AVAILABLE DATA:

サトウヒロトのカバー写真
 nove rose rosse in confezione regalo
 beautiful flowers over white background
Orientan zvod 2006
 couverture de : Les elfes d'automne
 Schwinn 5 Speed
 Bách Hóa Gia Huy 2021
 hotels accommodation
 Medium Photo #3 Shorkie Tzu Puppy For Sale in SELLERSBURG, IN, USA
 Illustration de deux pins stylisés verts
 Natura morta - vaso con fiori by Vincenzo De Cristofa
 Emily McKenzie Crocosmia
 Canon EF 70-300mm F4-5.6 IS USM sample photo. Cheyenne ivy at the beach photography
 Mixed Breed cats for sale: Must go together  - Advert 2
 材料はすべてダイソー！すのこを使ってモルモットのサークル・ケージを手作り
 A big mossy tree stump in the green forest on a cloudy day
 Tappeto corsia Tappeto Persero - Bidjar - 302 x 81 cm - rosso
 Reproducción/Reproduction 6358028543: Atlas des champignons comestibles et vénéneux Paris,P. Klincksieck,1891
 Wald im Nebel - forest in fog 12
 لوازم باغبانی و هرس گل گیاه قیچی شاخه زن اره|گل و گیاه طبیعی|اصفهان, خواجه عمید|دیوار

EXERCISE GOAL: Beginning with the line that contains "Mixed Breed cats", quote each line exactly through the last line of the entries above, and nothing beyond them.

SOLVED EXERCISE:
 Mixed Breed cats for sale: Must go together  - Advert 2
 材料はすべてダイソー！すのこを使ってモルモットのサークル・ケージを手作り
 A big mossy tree stump in the green forest on a cloudy day
 Tappeto corsia Tappeto Persero - Bidjar - 302 x 81 cm - rosso
 Reproducción/Reproduction 6358028543: Atlas des champignons comestibles et vénéneux Paris,P. Klincksieck,1891
 Wald im Nebel - forest in fog 12
 لوازم باغبانی و هرس گل گیاه قیچی شاخه زن اره|گل و گیاه طبیعی|اصفهان, خواجه عمید|دیوار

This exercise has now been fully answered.